Em 1938, líderes europeus reuniram-se em Munique para selar o que acreditavam ser um triunfo diplomático: o apaziguamento de Adolf Hitler. Cedendo-lhe a região dos Sudetas, retiraram-na da Checoslováquia sem que esta tivesse sequer assento à mesa. Churchill classificou o episódio como “uma derrota total e sem guerra”. Menos de um ano depois, o mundo mergulhava no conflito mais mortífero da história.
Hoje, os ecos de Munique voltam a fazer-se ouvir — não na Baviera, mas no Alasca. A possibilidade de um encontro entre Donald Trump e Vladimir Putin, centrado na “resolução” do conflito na Ucrânia por via de cedências territoriais à Rússia, representa uma afronta directa à memória histórica e à ordem internacional construída precisamente para evitar a repetição dos erros de 1938.
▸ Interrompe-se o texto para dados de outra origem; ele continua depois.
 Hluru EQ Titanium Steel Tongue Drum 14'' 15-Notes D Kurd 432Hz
Se há algo que a história nos ensinou com brutal clareza, é que ceder à força não garante paz; garante mais força ao agressor. O Acordo de Munique não deteve Hitler. Pelo contrário, convenceu-o de que o Ocidente era fraco, indeciso e manipulável. Essa ilusão alimentou a sua sanha expansionista, culminando na ocupação da Polónia e no início da Segunda Guerra Mundial. O mesmo erro está prestes a ser cometido com Putin.
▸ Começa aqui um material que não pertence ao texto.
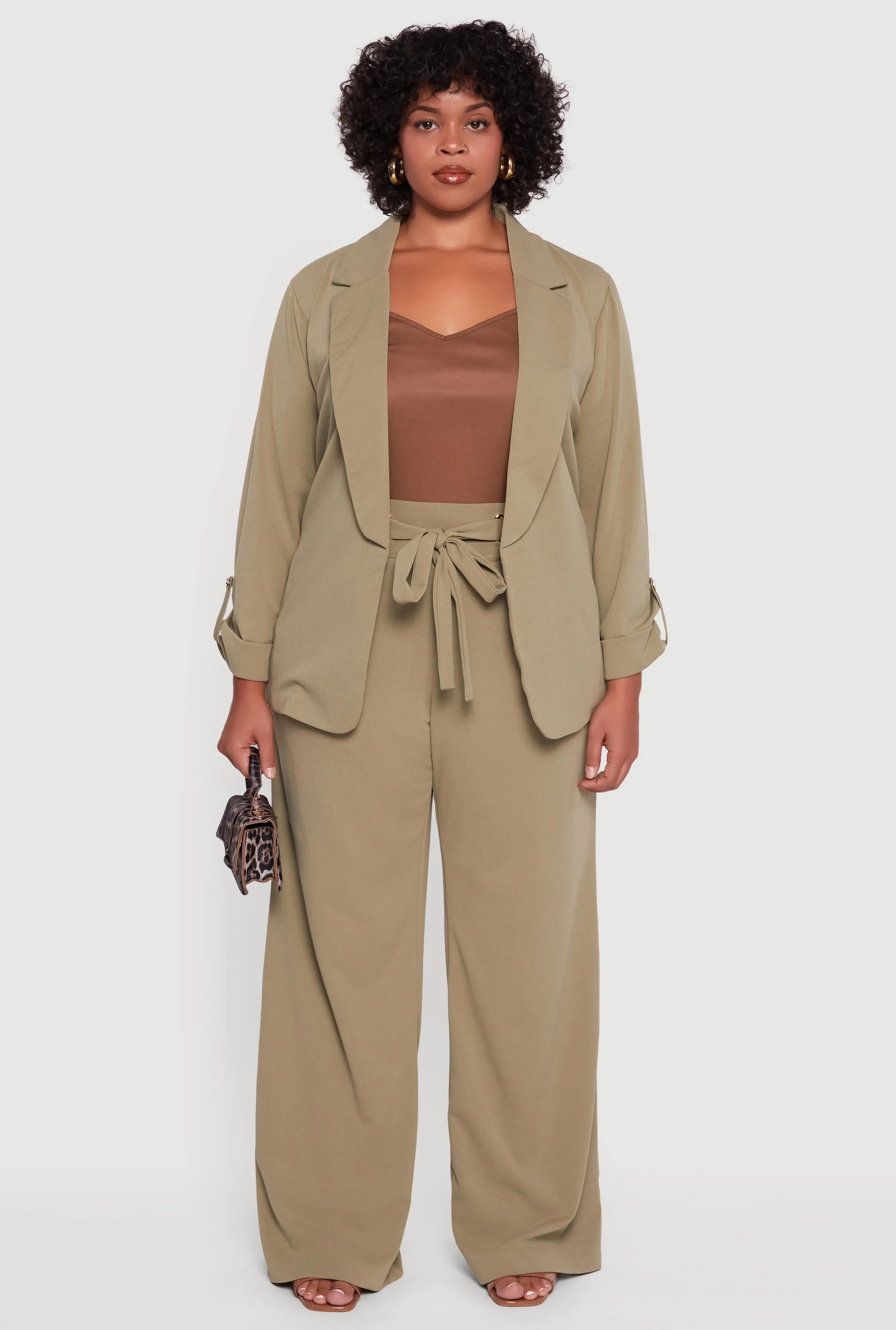 Plus Size Crepe Knit Long Sleeve Open Front Blazer sold by Rainbow product image thumbnail 3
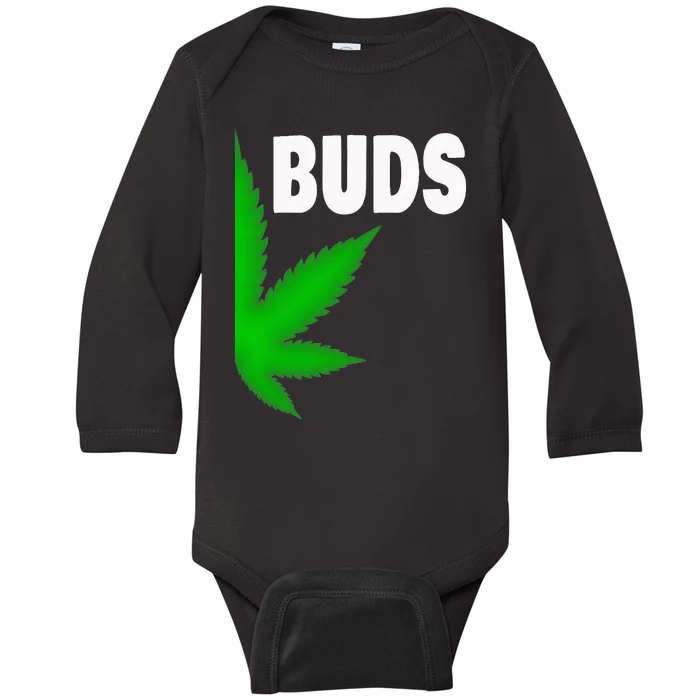 Couples Matching Best Buds BFF Marijuana Leaf Weed Gift Baby Long Sleeve Bodysuit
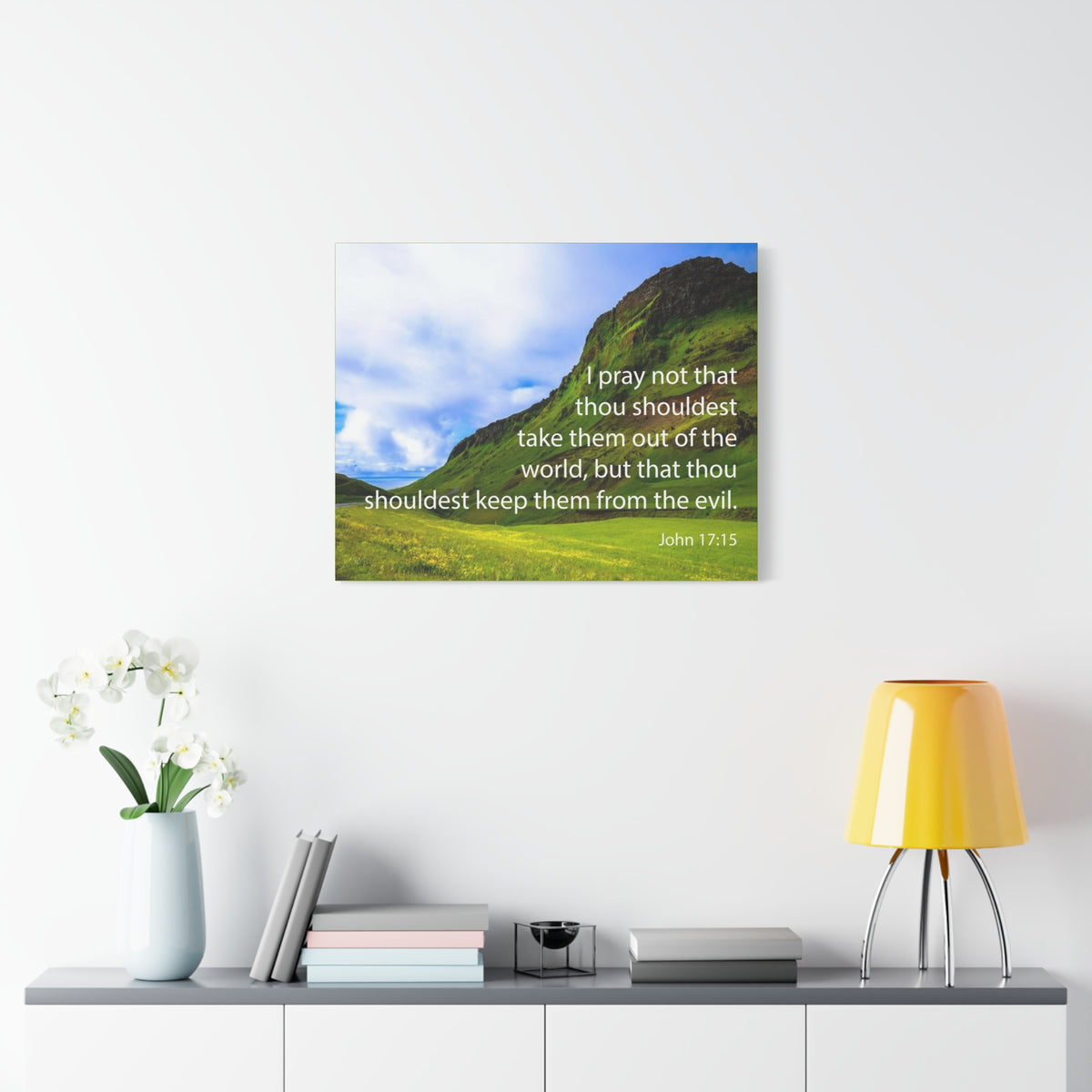Scripture Canvas I Pray Not John 17:15 Christian Wall Art Bible Verse Print Ready to Hang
Sob a retórica populista de “trazer a paz”, insinua-se uma lógica geopolítica profundamente perigosa: a de que a soberania de um país pode ser negociada entre potências, desde que isso traga estabilidade aos interesses das grandes nações. A Crimeia? O Donbass? Pequenos preços a pagar, dirão alguns, para “normalizar” relações com Moscovo e encerrar uma “guerra que não é nossa”. Mas esse raciocínio é moralmente falido e estrategicamente suicida.
A Ucrânia não é apenas um campo de batalha. É um teste. Um teste à credibilidade das democracias ocidentais, à viabilidade da ordem internacional baseada no direito, e à vontade coletiva de resistir ao autoritarismo. Ceder território ucraniano à Rússia seria consagrar o uso da força como instrumento legítimo de política externa no século XXI.
Seria abrir caminho a futuras “Muniques” — na Moldávia, nos Bálcãs, nos países bálticos. Seria, acima de tudo, trair todos os compromissos que sustentam a paz na Europa desde 1945.
Perderia segurança, perderia aliados, perderia a confiança num sistema multilateral que, apesar das suas imperfeições, tem prevenido o retorno do caos. Mais grave ainda: perderia a autoridade moral para condenar qualquer outro acto de agressão no futuro.
Um possível acordo com Putin, à revelia da Ucrânia, seria um pacto de cinismo. Um novo Munique. E a Europa, se calar, tornar-se-á cúmplice.
Não há neutralidade possível entre o agressor e o agredido.
A História já julgou Munique.
Vamos permitir que a História se repita — não por ignorância, mas por conveniência.